Rapid eaters are often heavier than slow eaters, according to research from The University of Rhode Island. It takes 20 minutes for your stomach to send a message to your brain that you have eaten enough and are satisfied. If you rush your meal and eat rapidly, your body's satiety cues won't be tuned in to those feelings of fullness yet and it's easier to overeat. Try slowing down by chewing each bite at least 10 times, putting your fork down in between bites, and fostering a relaxing eating environment rather than eating on the run.
--Erin Palinski-Wade
14. Outsmart your hunger hormone
Even the most motivated and focused dieter will struggle to be successful at weight loss once hunger takes over.

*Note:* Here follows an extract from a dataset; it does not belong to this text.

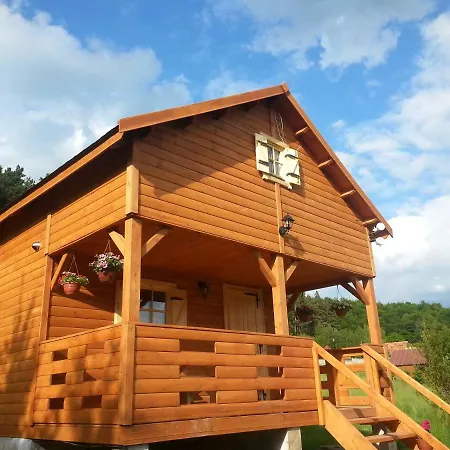 Kolonia Lesna Z Sauna I Goraca Balia * Radkow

Our bodies secrete a hormone called ghrelin, which controls hunger and drives our appetite. If we don't understand, monitor, and control our ghrelin, we can forget about losing weight. Science tells us that the best way to control ghrelin is to eat small, balanced meals about every 3 hours or so. That's because ghrelin will spike after about 3 to 4 hours of fasting, so eating with regularity helps keep this eating trigger at bay. Ghrelin will also spike if we're deprived of carbs, so it's important to give our bodies and brains the carb fuel they need. When we skip meals or avoid carbs, we're inviting ghrelin to spike, which increases and makes us feel emotionally hungry. It makes us crave sugar and can derail even the healthiest eating routine.
--Manuel Villacorta, RD, author of Eating Free: The Carb-Friendly Way to Lose Inches

15. Wear fitted clothing
 The elastic waistband is the dieter's fashion enemy number one. When you wear clothes that fit well and make you feel good, you have awareness gauges that give you clear signals to help you put on the brakes as you fill up. Use this as a way of staying mindful of your goals and to help keep you from overeating.